The ‘worker’ status awarded to the drivers in the case does not mean the drivers are now employees of Uber, but this recognition does allow them certain rights such as the right to national minimum wage and paid holiday. Although the ruling will not result in other Uber drivers receiving these rights automatically, Uber are likely going to have to change their employment contracts moving forward to prevent further Tribunal action being taken against them. The change in rights stands to cost Uber millions in ensuring its drivers are being paid the “national minimum wage” and receiving rights such as paid holiday.
Action taken by Deliveroo riders:
Research carried out by Citizens Advice suggests there are as many as 460,000 people in the UK who could be falsely classified as self-employed and it is perhaps no surprise that the Uber ruling has caused other large self-employed workforces to challenge their employment rights.
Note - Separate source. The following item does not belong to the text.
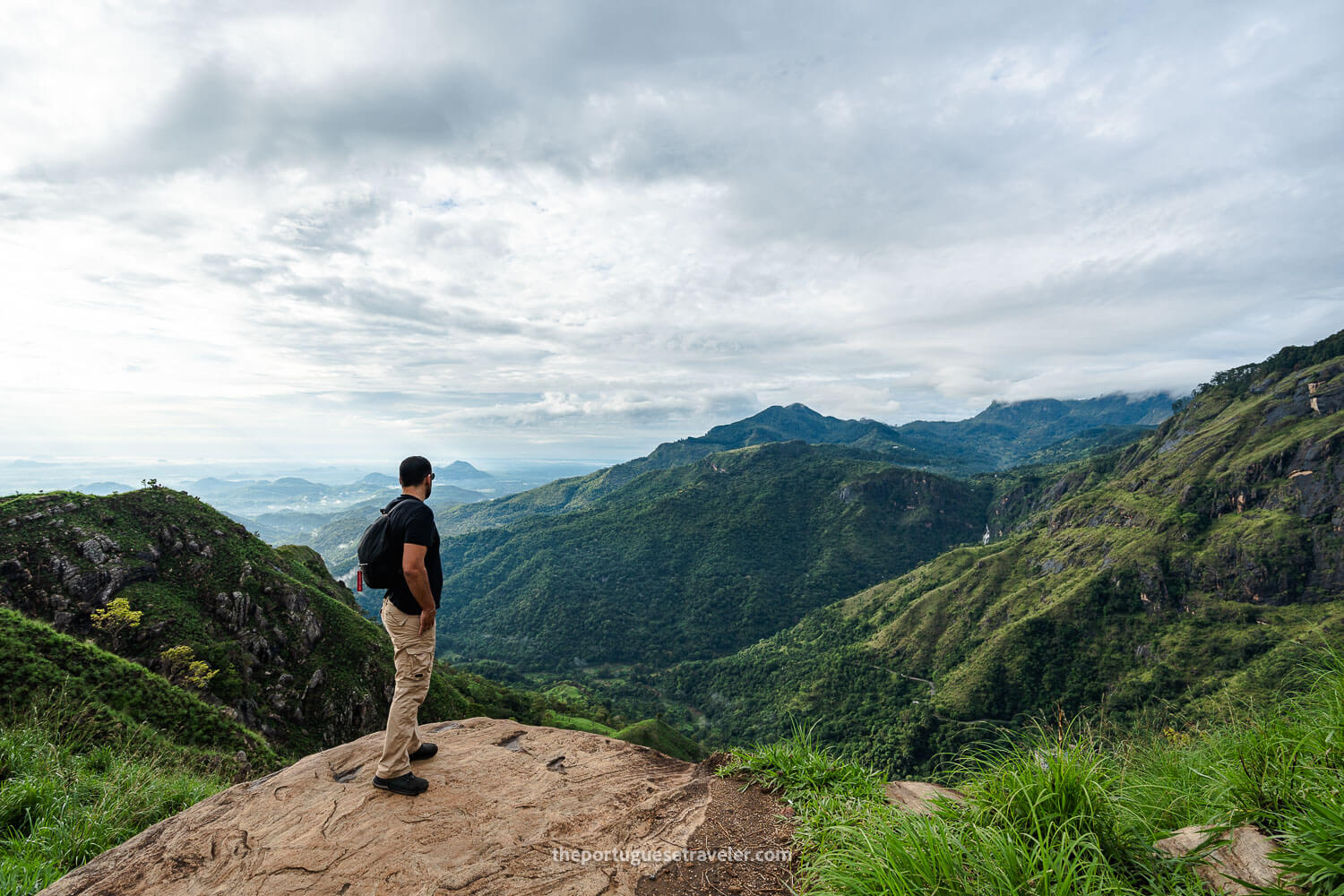 Ricardo looking at the landscape at the Little Adam's Peak first summit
It has been announced this week that a group of takeaway delivery drivers working for Deliveroo are now taking steps to gain union recognition on the way to negotiating better working rights for those drivers who cover the Camden area, in North London. If half the drivers in the area sign up, the company will be forced to recognise the union and it will be the first collective bargaining agreement in the “gig economy”. The action, if successful, will then be rolled out nationwide.
Currently, Deliveroo drivers have no right to paid holiday or the right to the national minimum wage (much like Uber drivers). This leaves their riders earning just £3.75 per delivery. It appears that the Independent Workers Union of Great Britain are to step in and act on behalf of the group in negotiating better rights. As with Uber, if such action leads to a recognition that these riders are workers rather than self-employed, this could stand to cost Deliveroo millions in rolling out new contracts for its 8000 UK-based riders to provide rights that they had previously not been entitled to due to their employment status.
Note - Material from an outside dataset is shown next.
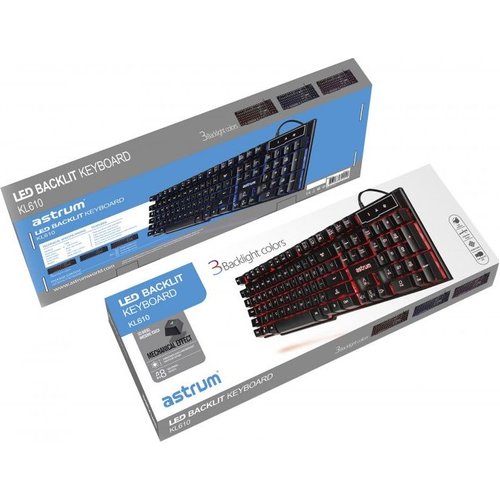 Astrum KL610 LED Backlit Multimedia Keyboard (Black) Computers Buy online in South Africa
The future of the “gig economy”:
The growing nature of this modern business model has seen many workers across the UK lose out on basic working rights due to their employment status. As with the much criticised zero-hour contracts, this business model is arguably exploiting its workers and leaving them returning home with less than the minimum wage.
With Unite having already announced they are setting up a new unit to pursue cases of bogus self-employment, it is likely that Uber and Deliveroo are the first of many companies to come under scrutiny for their working practices. It is arguable that the Employment Tribunal have now opened the “floodgates” and we are likely to see many similar claims in the not so distant future.